I guess its probably less than that then :D Sman789 10:36, 11 January 2009 (UTC)

I think it 10^39. There's nothing that can change my mind about that. Unsigned comment by 74.132.217.67 (talk • contribs).

Why is that? —AscendedAlteran 00:31, 12 January 2009 (UTC)

Because it just sounds right to me. It's not to much but it's not to little.

well thats only our star right. but didn't rodney say its a universe in a bottle. that would mean it would have a lot more power. so its confusing. its possible that the ancient tech power reqs are alot higher than we thought.—SupremeCommander 18:44, 18 January 2009 (UTC) thats a very high probability.

The Return

Do we know that the Ancients created the two extra ZPMs that were found in the city at the end of the episode? I rather assumed that the replicators installed them.
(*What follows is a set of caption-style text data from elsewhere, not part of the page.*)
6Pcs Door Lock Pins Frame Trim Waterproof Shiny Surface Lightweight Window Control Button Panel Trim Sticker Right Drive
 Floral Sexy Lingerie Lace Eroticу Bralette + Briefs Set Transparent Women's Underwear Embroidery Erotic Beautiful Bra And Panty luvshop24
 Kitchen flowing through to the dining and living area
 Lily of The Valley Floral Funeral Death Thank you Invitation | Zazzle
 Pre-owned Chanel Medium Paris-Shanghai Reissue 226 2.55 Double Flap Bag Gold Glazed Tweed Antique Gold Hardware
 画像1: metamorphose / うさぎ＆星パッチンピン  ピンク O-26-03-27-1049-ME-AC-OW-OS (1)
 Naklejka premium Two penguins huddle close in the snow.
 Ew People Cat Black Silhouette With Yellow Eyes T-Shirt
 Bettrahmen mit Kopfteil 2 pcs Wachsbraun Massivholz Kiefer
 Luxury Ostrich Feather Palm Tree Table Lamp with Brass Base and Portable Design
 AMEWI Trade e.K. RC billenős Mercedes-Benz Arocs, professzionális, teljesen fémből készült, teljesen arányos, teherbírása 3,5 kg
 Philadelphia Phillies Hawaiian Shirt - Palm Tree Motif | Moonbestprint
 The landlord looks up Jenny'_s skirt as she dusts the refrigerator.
When we made contact with the Ancient ship Tria, our ZPM was depleted. The Ancients installed One ZPM in the city that they got from the Tria. Later, when the replicators invaded, the replicators installed 2 more ZPMs of their own. However, it is possible that the replicators replaced all 3 (getting rid the the Ancient's partially depleted one) in favor of a fully powered one.—Anubis 10545 00:17, 21 January 2009 (UTC)
Actually it was only said that the Ancients might have a ZPM with them on the Tria. And why wouldn't the Ancients make new ZPMs to power the city? It was also never stated, let alone mentioned, that the Asurans installed even one ZPM. —AscendedAlteran 02:59, 21 January 2009 (UTC)
Weir said: "We cannot keep all three ZeeP.Ms from the Replicator take-over, Rodney." That makes it sound like it was the replicators who supplied the ZPMs. Although Sheppard says: "thanks to the Ancients’ new ZeeP.M." So I guess they could have created a new one. Although, if you notice in Sheppard's quote, the ZPM is singular. That being said, the other 2 could have been supplied by the replicators. Although if the Ancient's could have created their own that quickly, they could have made more by when the replicators attacked. It looks like there's really no way to know. Strange, I though they mentioned that the ZPM was from the Tria... looks like they didn't after reviewing the transcript.—Anubis 10545 05:19, 21 January 2009 (UTC)
I think if the Lanteans could make ZPMs that fast then it must be pretty much 100% automated, in which case the atlantis expedition would have been searching for the command ever since and probably found it by now. My guess is that they were made somewhere else, but it could just be that the program to make them was very hidden and encrypted (which would make sense.) Sman789 22:04, 21 January 2009 (UTC)
If the Lanteans could make ZPMs that fast, it's difficult to see how they could ever have lost the war with the Wraith. More to the point, if it was that easy, then in "Before I Sleep" Janus could simply have run a few off, or showed alternate-timeline Wier how to do so, rather than giving her co-ordinates of outposts that already had them. I've always been of the belief that ZPMs were incredibly resource- and energy-intensive to manufacture (it's not much of a stretch to imagine that creating the artificial pocket of space-time that it taps into might take as much, or even more energy than could actually be extracted from it), so even the Ancients couldn't just churn them out like a production line. I'd expect to find some city-sized naquadah reactor somewhere in Pegasus producing one ZPM a year (even one a century might be adequate - their fantastic energy output wouldn't have been required all that often in peacetime). Besides, if the Ancients had an effectively inexhaustible source of ZPMs, then what was the point of Project Arcturus? --78.33.73.67 18:54, 22 January 2009 (UTC)
Then how did the Replicators make so many in their homeworld once they became human form? Rodney said in "lifeline" that they had dozens and wouldnt even miss one for a while.

New Evidence

I found some evidence that could lead to the true output of the zpm.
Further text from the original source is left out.